== Supplied data
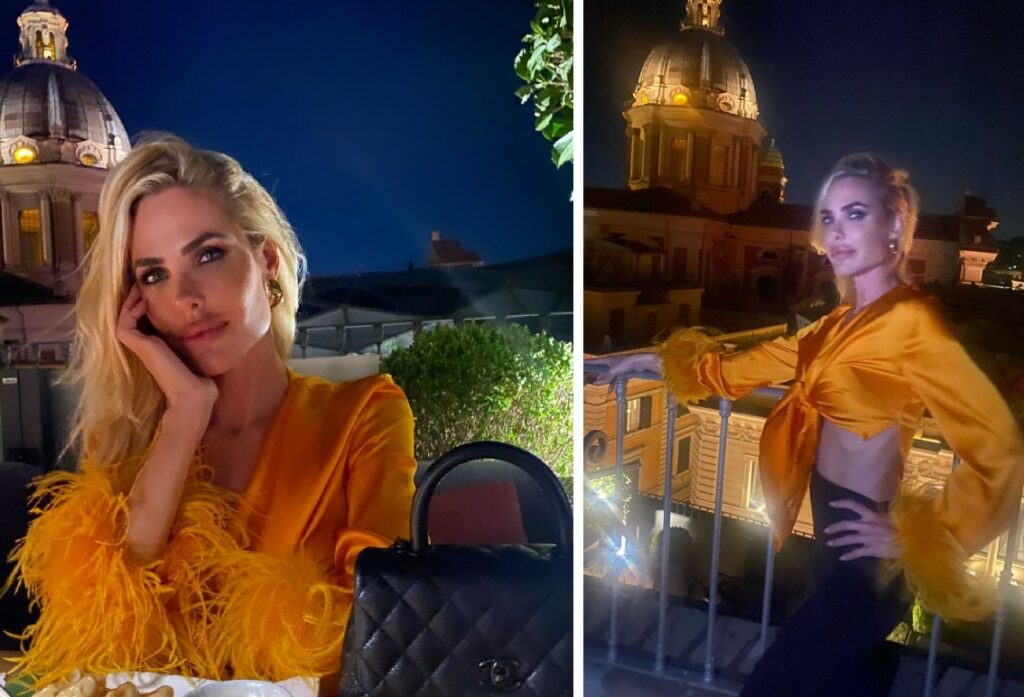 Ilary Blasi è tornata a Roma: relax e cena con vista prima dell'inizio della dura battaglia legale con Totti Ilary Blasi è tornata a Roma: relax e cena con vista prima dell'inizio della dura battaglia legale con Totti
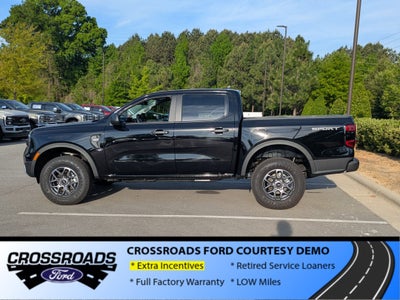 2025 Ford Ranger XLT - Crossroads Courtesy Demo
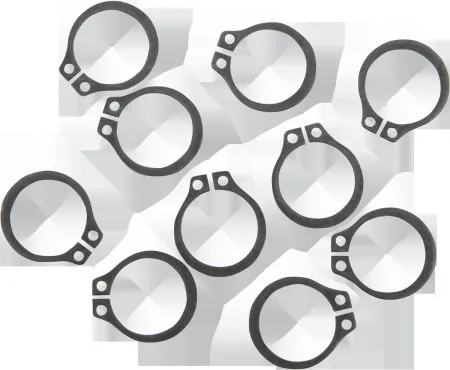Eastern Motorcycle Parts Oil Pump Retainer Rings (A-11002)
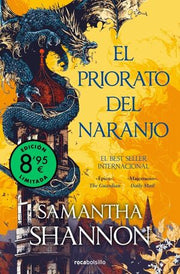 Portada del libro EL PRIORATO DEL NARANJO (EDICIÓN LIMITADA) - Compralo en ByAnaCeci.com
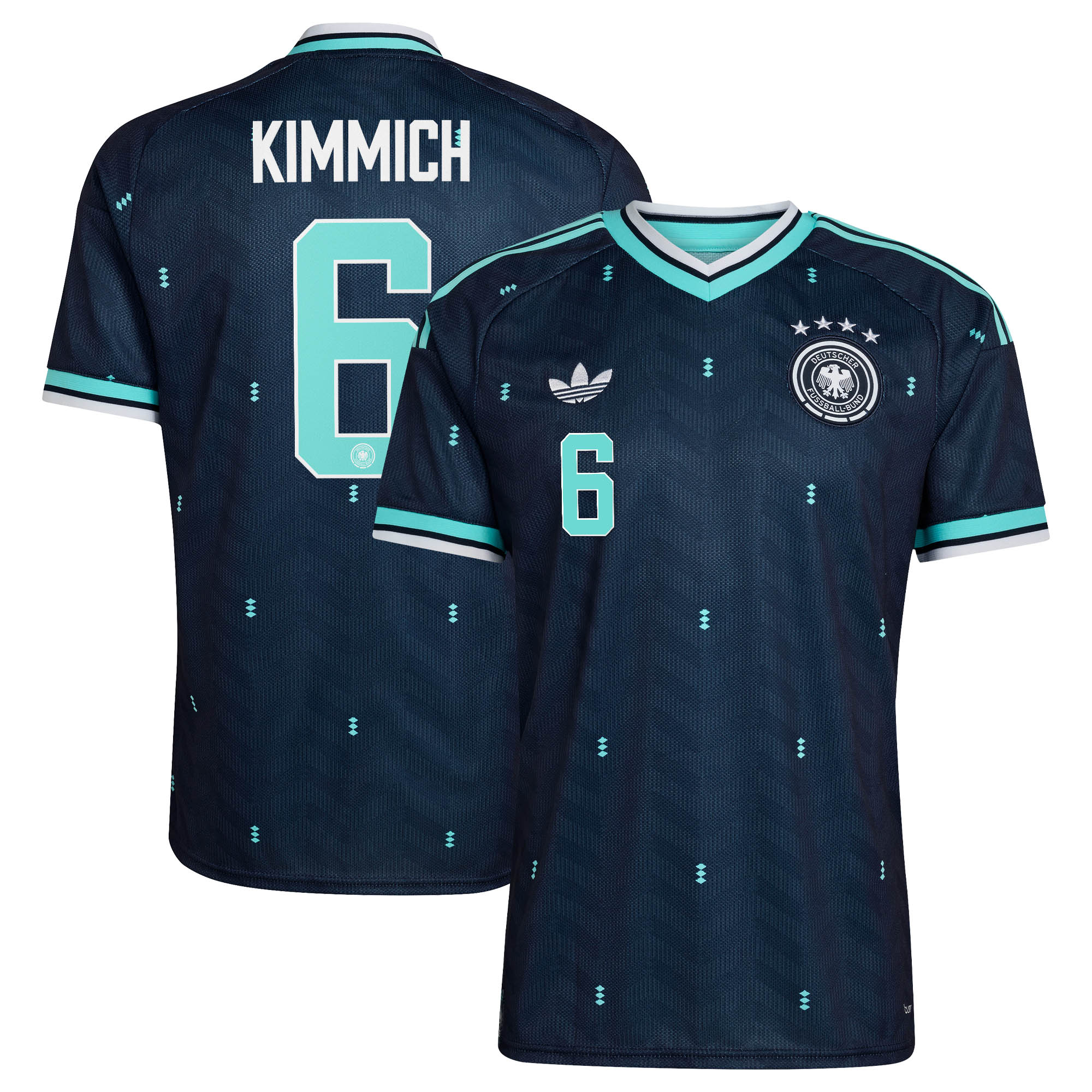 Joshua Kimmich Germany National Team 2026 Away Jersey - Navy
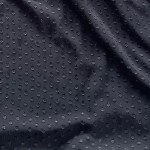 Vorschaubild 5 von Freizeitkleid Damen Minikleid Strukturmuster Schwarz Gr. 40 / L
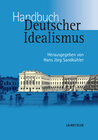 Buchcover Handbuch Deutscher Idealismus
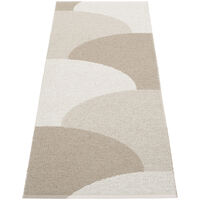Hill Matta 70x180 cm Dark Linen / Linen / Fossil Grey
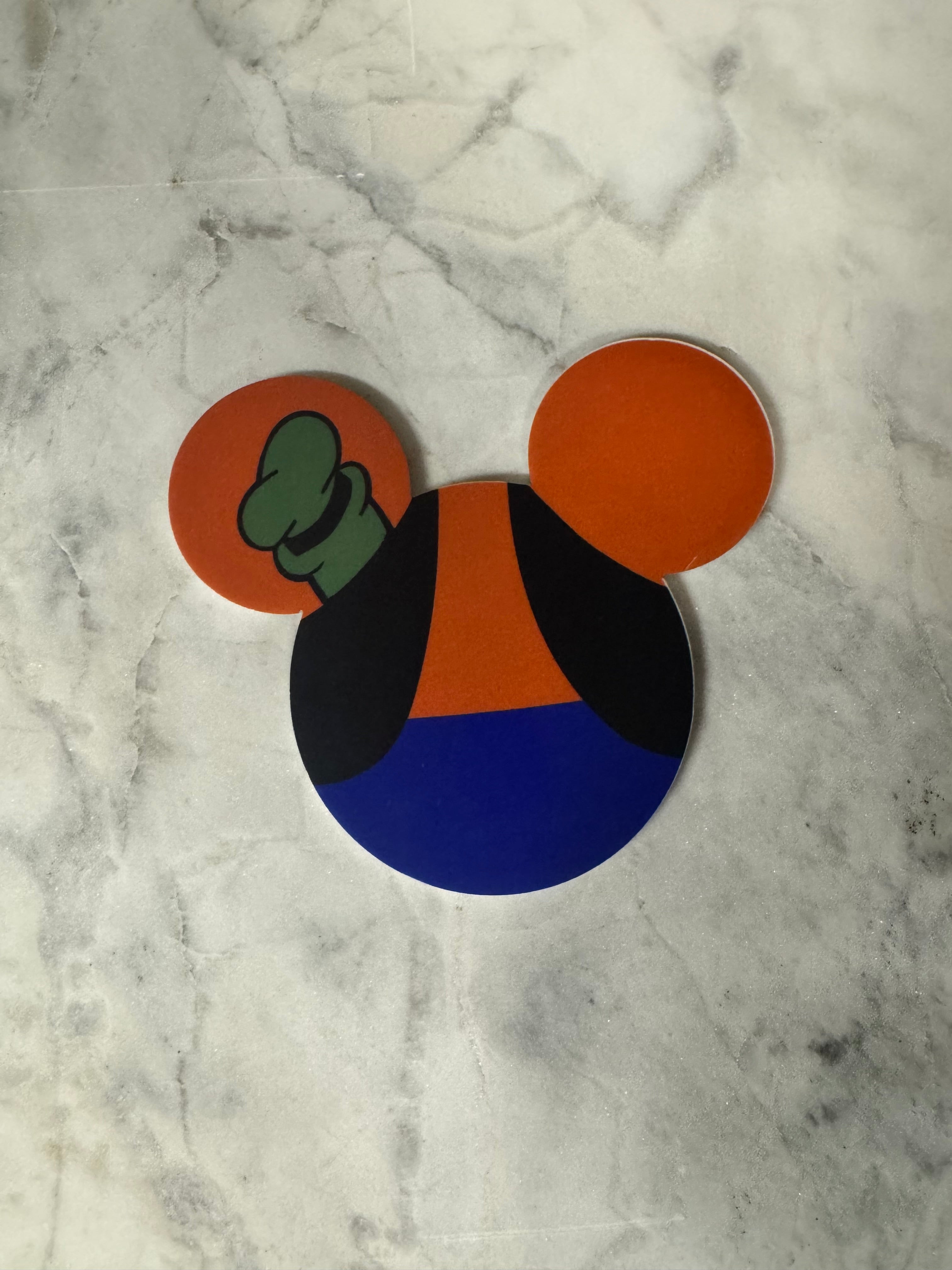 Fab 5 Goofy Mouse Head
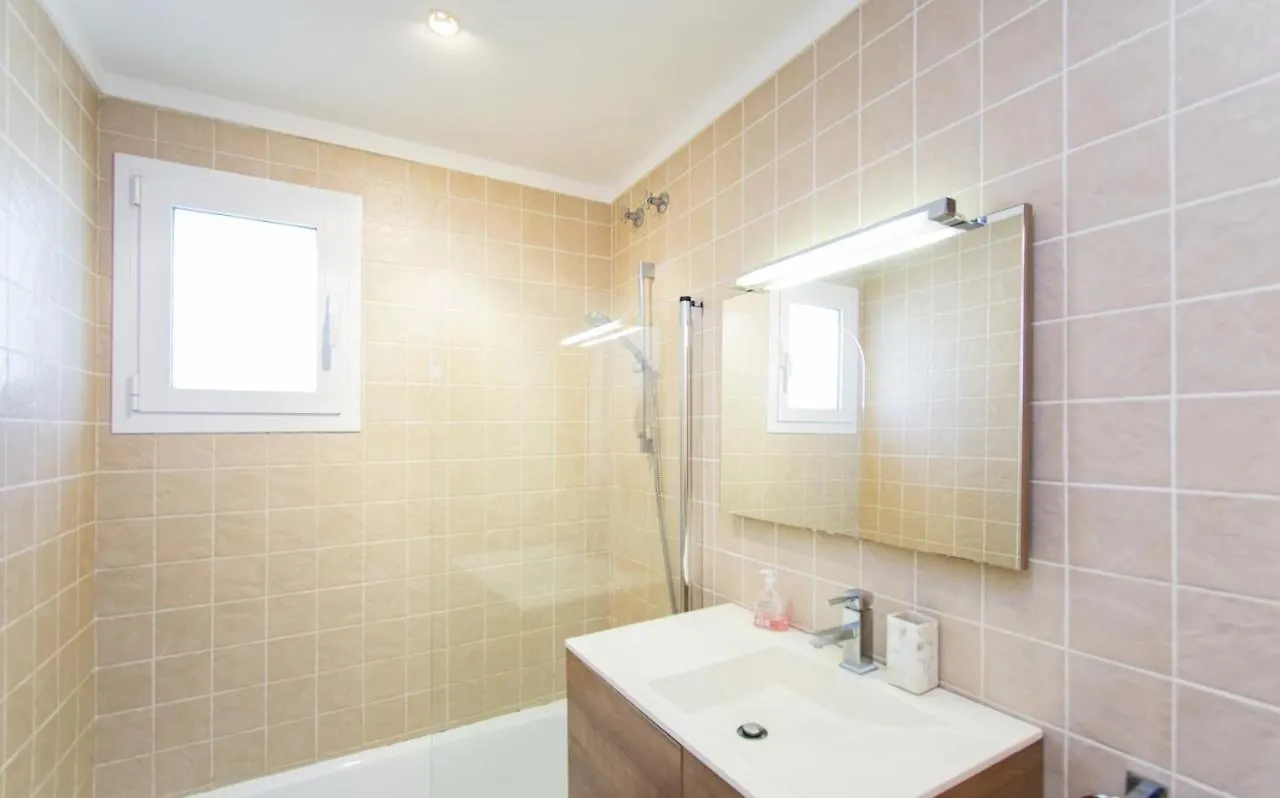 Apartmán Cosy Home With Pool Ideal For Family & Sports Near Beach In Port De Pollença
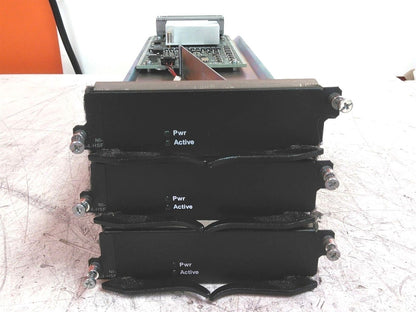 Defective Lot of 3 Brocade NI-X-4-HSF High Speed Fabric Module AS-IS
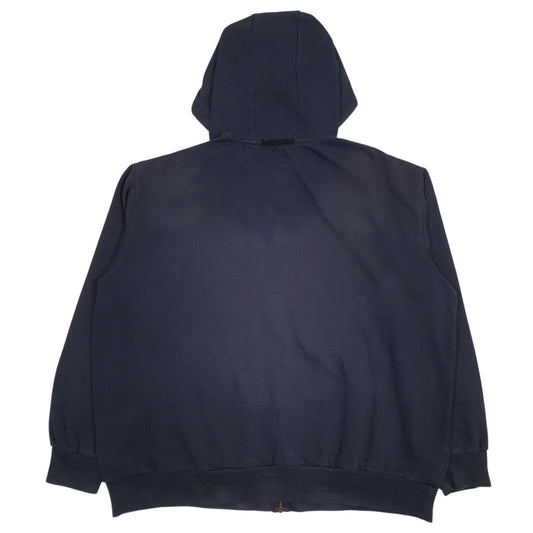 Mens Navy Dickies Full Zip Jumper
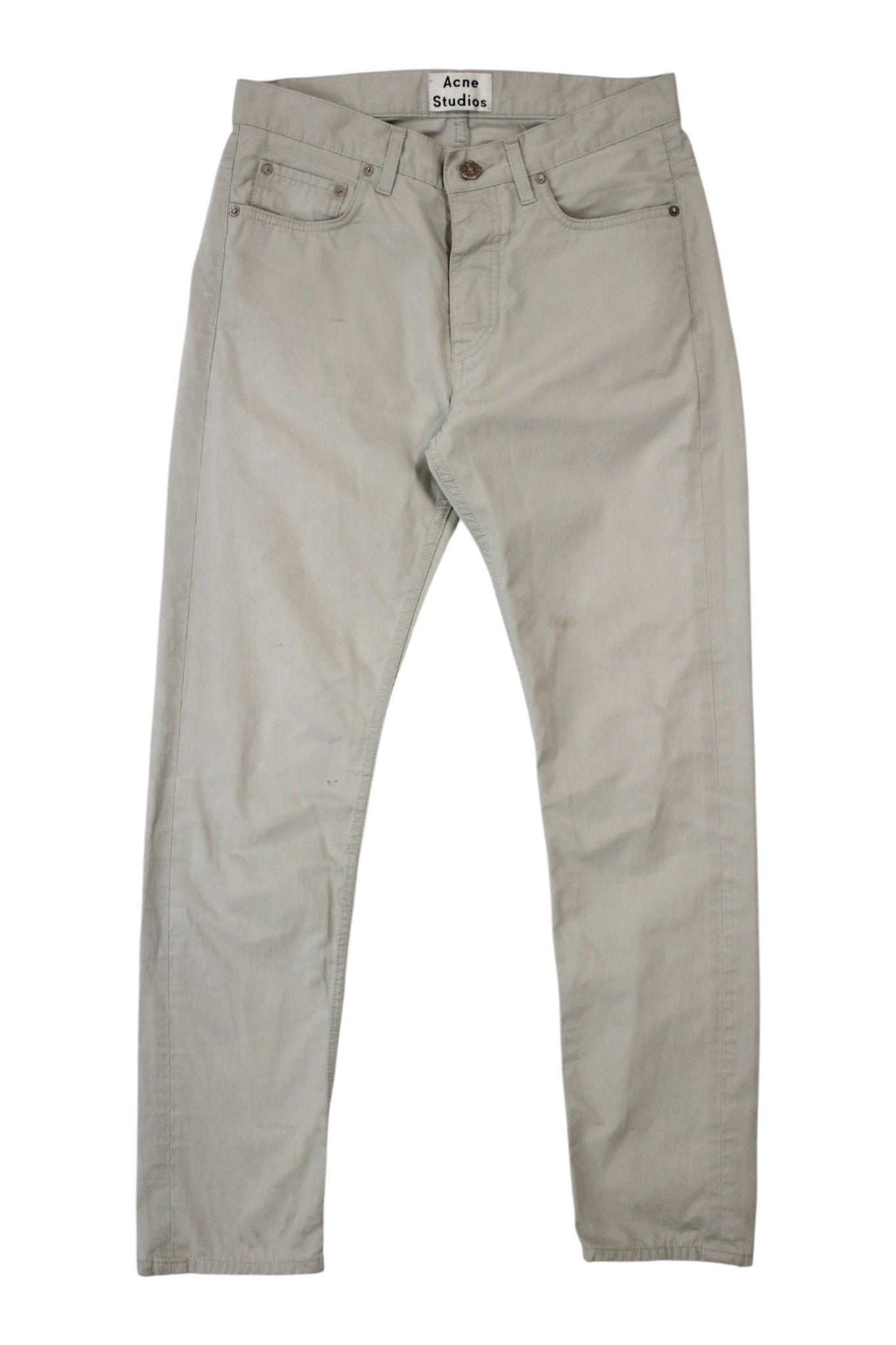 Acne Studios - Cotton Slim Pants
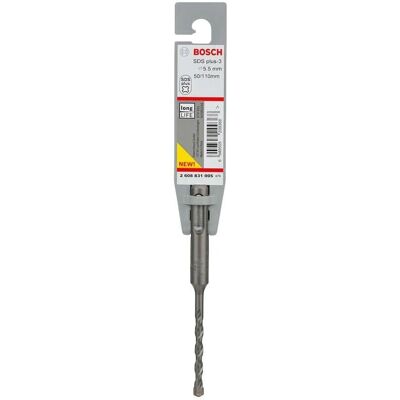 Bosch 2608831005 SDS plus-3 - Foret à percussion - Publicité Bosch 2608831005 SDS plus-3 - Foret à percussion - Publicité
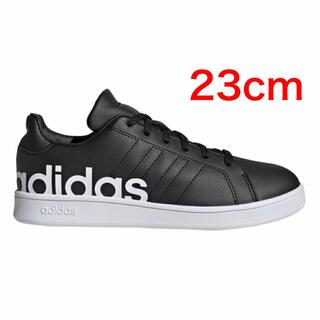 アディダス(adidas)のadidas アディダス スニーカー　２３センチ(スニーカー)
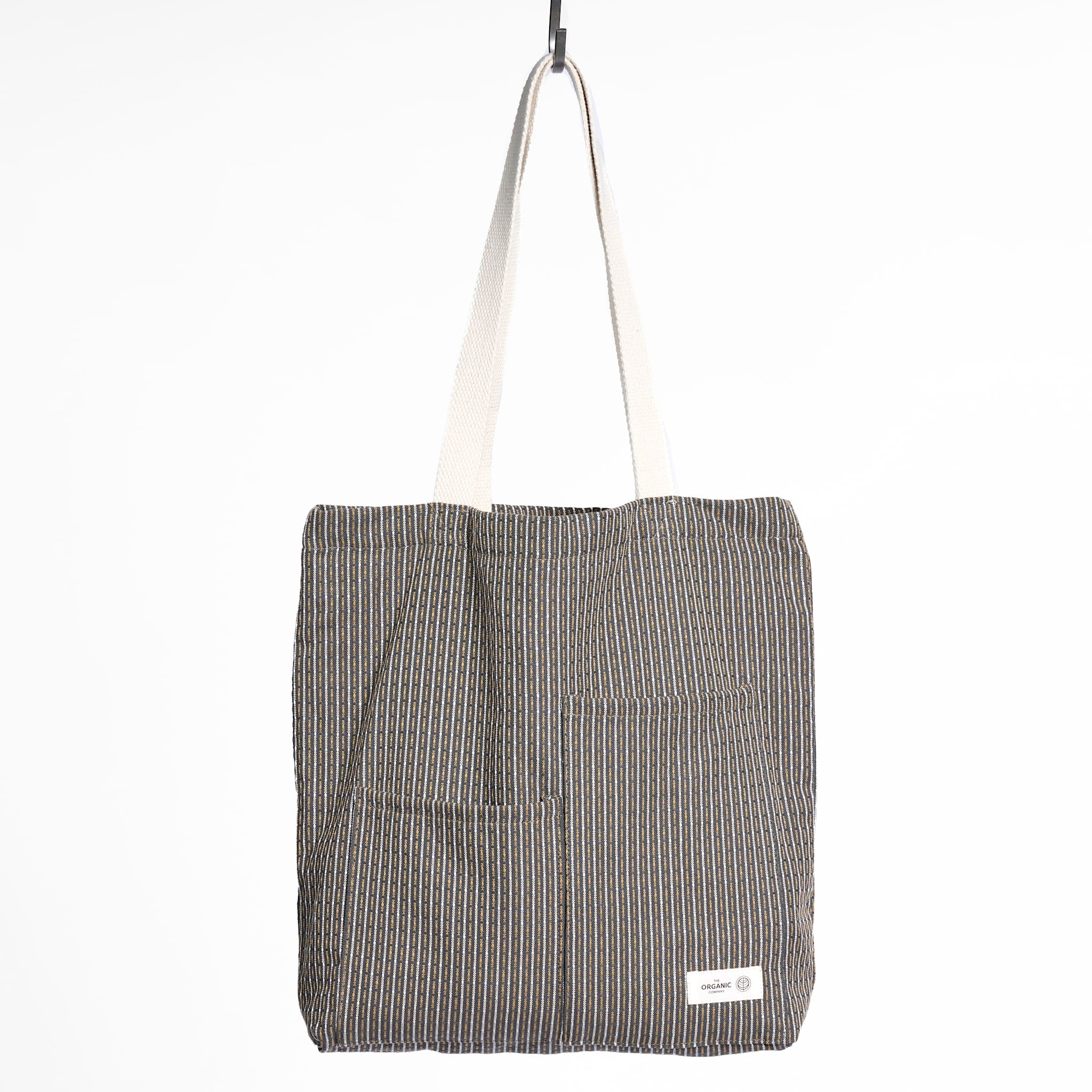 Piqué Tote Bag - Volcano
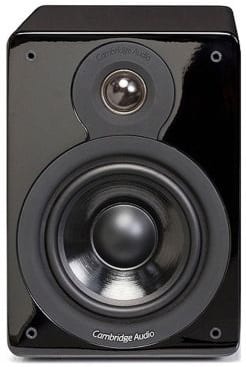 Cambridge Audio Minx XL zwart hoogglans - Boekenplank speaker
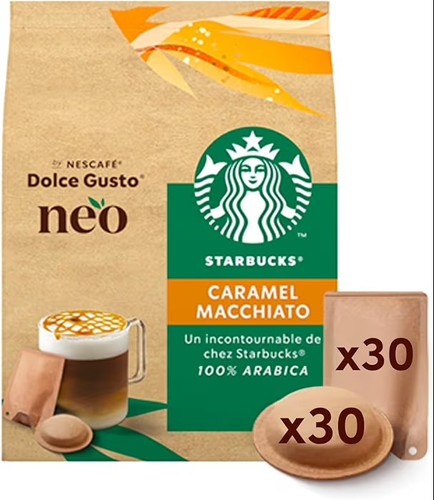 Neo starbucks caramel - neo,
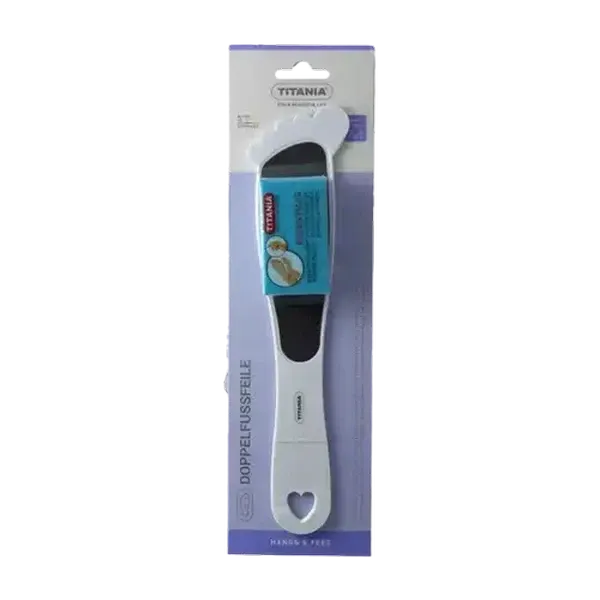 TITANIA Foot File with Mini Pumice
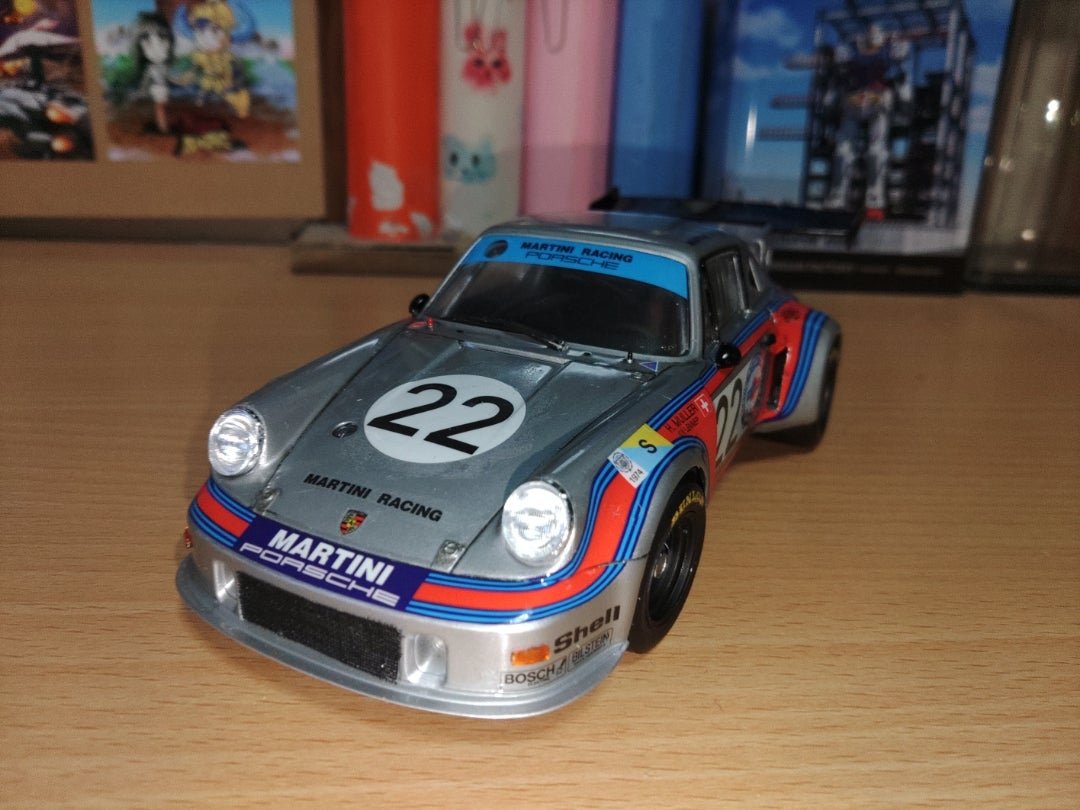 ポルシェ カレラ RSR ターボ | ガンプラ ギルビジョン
====
__Exercise instructions__
Find the line with "Defective Lot of" and the line with "Neo starbucks caramel" in the records above. Copy both and all lines between them exactly, without pictures.

__Written reply__
 Defective Lot of 3 Brocade NI-X-4-HSF High Speed Fabric Module AS-IS
 Mens Navy Dickies Full Zip Jumper
 Acne Studios - Cotton Slim Pants
 Bosch 2608831005 SDS plus-3 - Foret à percussion - Publicité Bosch 2608831005 SDS plus-3 - Foret à percussion - Publicité
 アディダス(adidas)のadidas アディダス スニーカー　２３センチ(スニーカー)
 Piqué Tote Bag - Volcano
 Cambridge Audio Minx XL zwart hoogglans - Boekenplank speaker
 Neo starbucks caramel - neo,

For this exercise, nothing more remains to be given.